Sam Ervin's career in politics took off when he served as the legal advisor to a state sponsored lynching in NC. Later:

"In 1956, Senator Ervin helped organize resistance to the 1954 Brown v. Board of Education Supreme Court decision calling for desegregation of schools by drafting The Southern Manifesto"

https://en.m.wikipedia.org/wiki/Sam_Ervin

Bipartisanship in 20th Century America was only possible due to the exclusion of blacks from the electorate.

Sandwichman said...

That's a fair criticism. Sam Ervin was indeed a leading defender of segregation. As Karl Campbell (2001 "Claghorn's Hammurabi: Senator Sam Ervin and Civil Rights," The North Carolina Historical Review, Vol. 78, No. 4, pp. 431-456.) wrote:

"Year after year, and congressional hearing after congressional hearing, Sam
Ervin stood as the segregated South's first line of defense in the United States Senate."

Campbell concluded his article with the following assessment:

"The most consistent aspect of Sam Ervin's record on civil rights was not his vaunted constitutional philosophy but rather his unwavering opposition to every legal remedy to racial discrimination proposed during his twenty years as a United States senator. Ervin's legal reasoning was never as coherent as he and his apologists claimed. During the 1950s and 1960s, the senator stretched judicial principles, introduced legal red herrings, shifted constitutional rationalizations, and, most significantly, reversed himself on Brown. Of course, some of Ervin's constitutional objections did raise substantial concerns, especially when he argued for legislative resistance to executive law-making—the issue that put him on the road to Watergate. And it cannot be denied that the senator's constitutional philosophy led him into numerous heroic crusades to protect civil liberties. But Sen. Sam Ervin not only fought to preserve the Constitution, he also fought to preserve Jim Crow and its legacy. His constitutional arguments represented the best legal case North Carolina's old country lawyer could build to defend his guilty client."

Soccer Dad said...

well over a year ago, i tried to get some artist friends to do a nice picture of cruz mccarthy

so yeah, others have noticed

Thornton Hall said...

The thing is, when you ditch the left/right spectrum of politics, it becomes clear that the role of Sam Ervin has been taken... by Ted Cruz.

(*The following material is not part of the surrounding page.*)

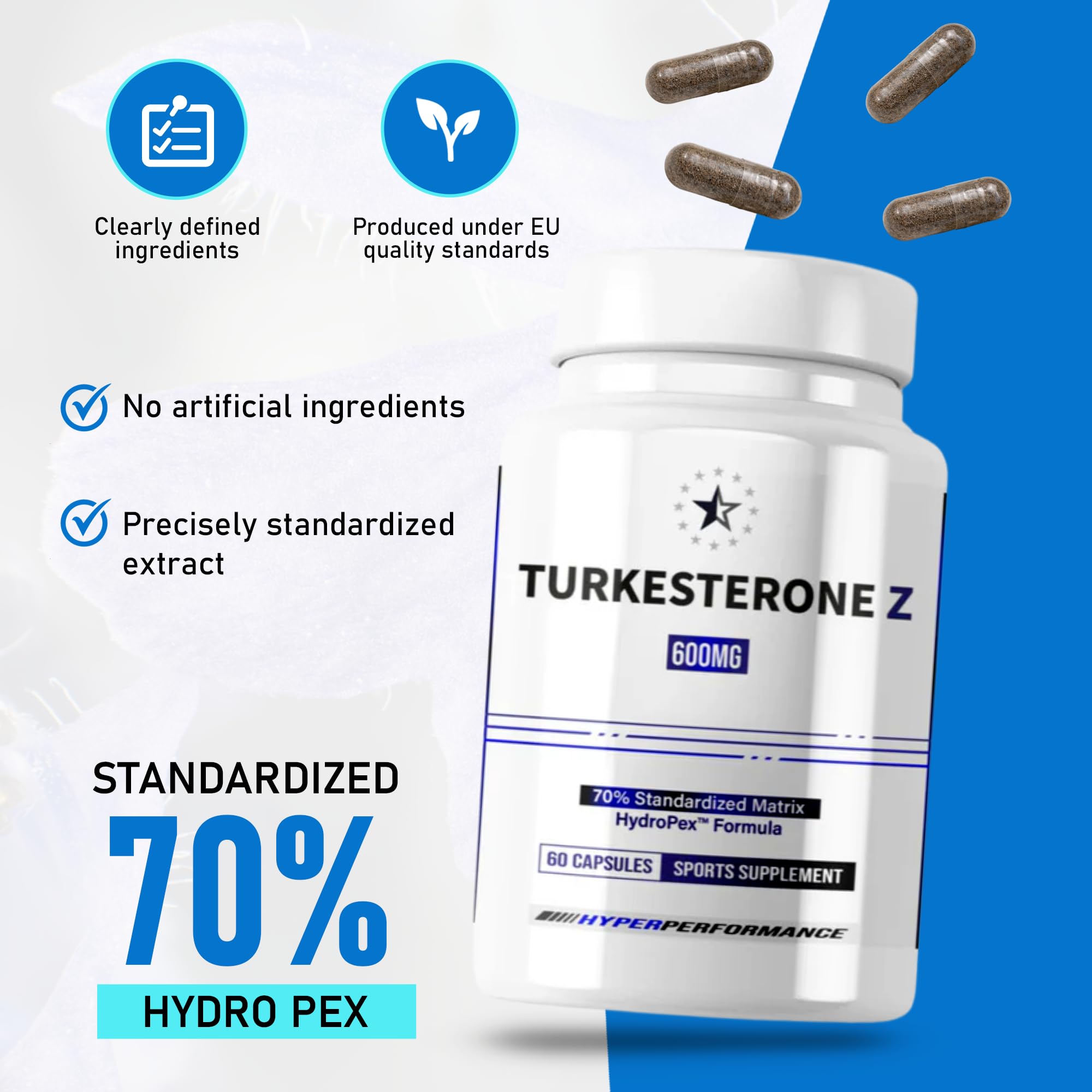 Turkesterone Supreme 70% with HydroPex™ - 60 V-Capsules (600mg) - Apex®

If one imagines the United States to be engaged in a debate over the size and role of government, then Ervin is a defender of "the left" as attacked by "the right".

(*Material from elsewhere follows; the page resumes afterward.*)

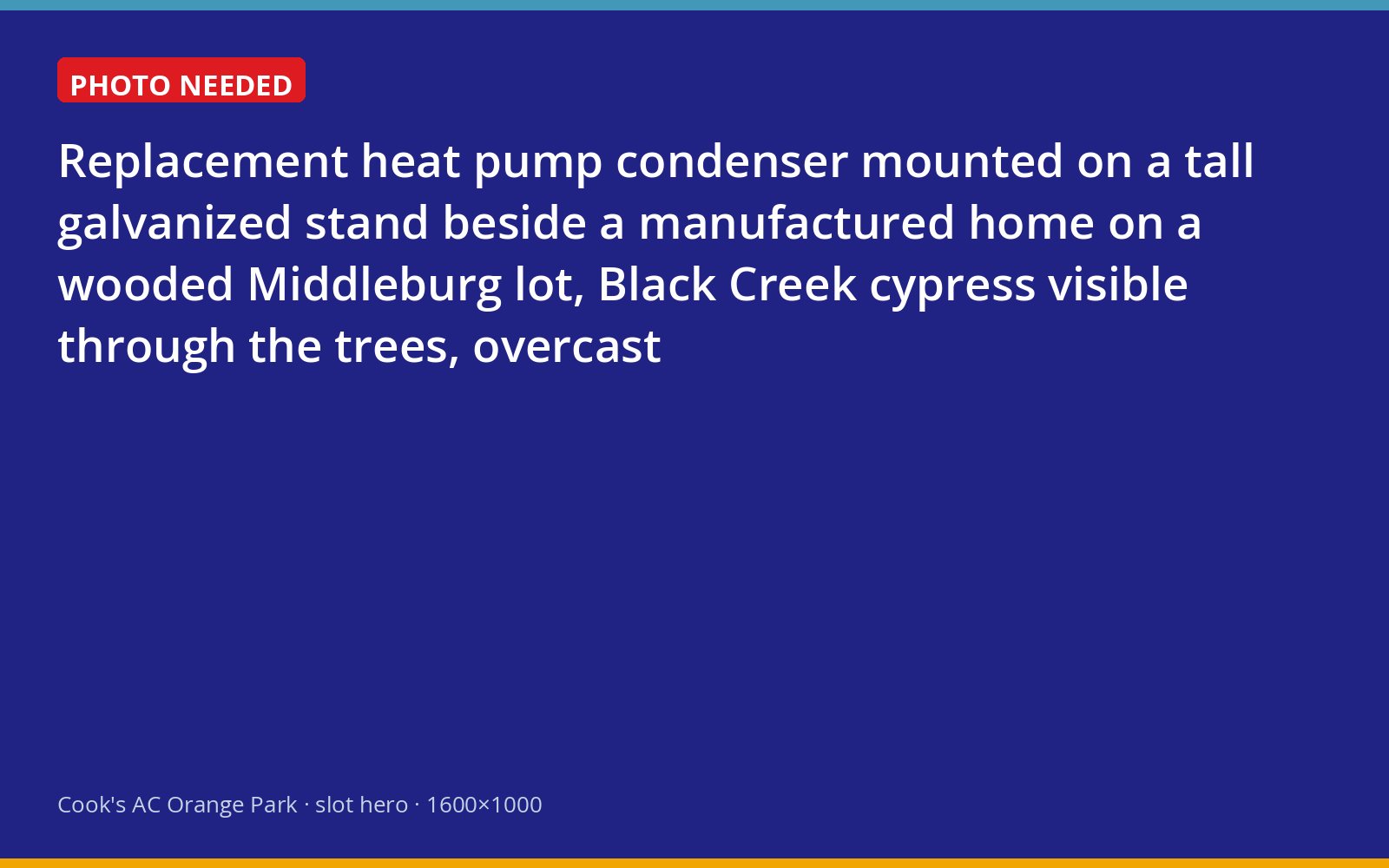 Air conditioner raised on a stand beside a manufactured home near Black Creek in Middleburg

But politics does not work this way. John Birchers were a politically engaged group mostly within the GOP. Sam Ervin did not need their votes. Instead, every election he could count on the support of an equally engaged opposing group: white supremacists, a group mostly housed in the Democratic Party.

The change has not been what radio station these worst elements of the American body politic listen to. The change is the 1965 Voting Rights Act, which re-introduced black people as voters who aligned themselves with the party that gave then that right.

This led directly to our current situation, because racists fled the Democratic Party and joined the Birchers to become the GOP base of hate. Combined, they control the primary elections in red states.